Another value of TEE in the evaluation of cryptogenic stroke is the assessment of atheromatous disease of the aorta. Several studies have evaluated the role of various imaging techniques in the diagnosis of atheromatous aortic disease. Aortography provides only an inexact view of the aortic lumen, without clear identification of the endothelial surface. CT scanning and MRI can provide an enhanced evaluation; however, the imaging is not performed in real time. TEE is ideally suited to providing high-resolution real-time imaging, which also provides atherosclerotic plaque morphology and mobility, as well as the dynamic effect of flow. Various authors36–40
have reported significant aortic atheroma in up to 50 to 60% of patients with unexplained stroke. Stroke risk is highest, however, with the identification of large (ie, > 4 to 5 mm), mobile, and ulcerated plaques.,36–40
Investigators have used various grading systems for aortic atheroma, and, to date, no single unified system has been widely accepted. All systems agree, however, that the highest risk patients are those with mobile plaques, ulcerated plaques, and plaques that protrude into the aorta by > 4 to 5 mm.
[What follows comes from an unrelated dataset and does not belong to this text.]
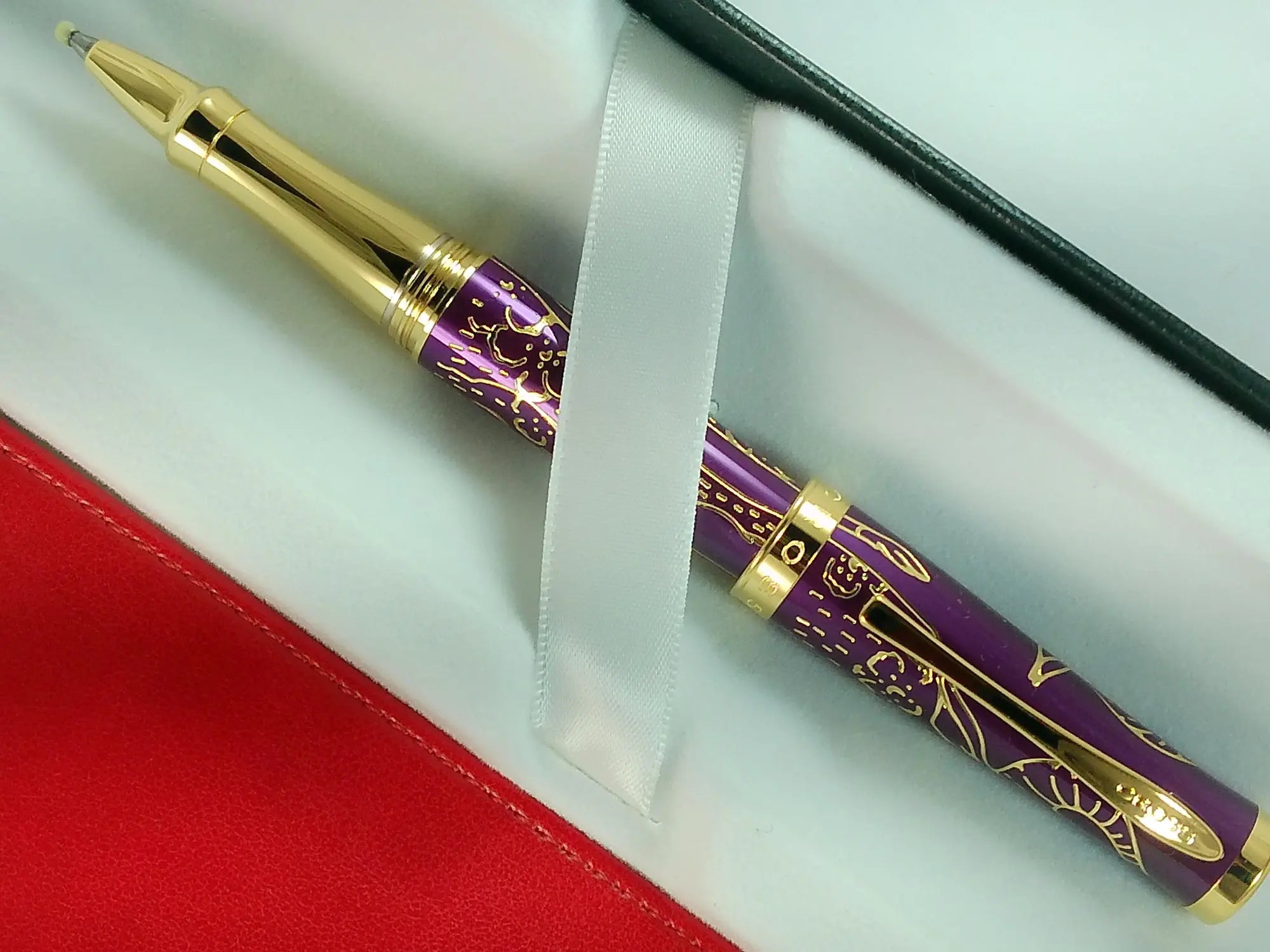 Cross Sauvage 2021 Year of the Ox Special-Edition, Hand-polished Translucent Plum lacquer finish with deep-etched ox engraving With 23KT Gold Plated Inlays and Appointments Selectip Rollerball Pen and Matching Pouch AT CROSS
As such, these plaque characteristics should be specifically reported in any patient undergoing TEE. We have chosen the following system to grade atheromatous disease of the aorta identified by TEE: grade 1, minimal intimal thickening; grade 2, extensive intimal thickening; grade 3, sessile atheroma of < 4 mm; grade 4, protruding atheroma of ≥ 4 mm; and grade 5, mobile or ulcerated atheroma.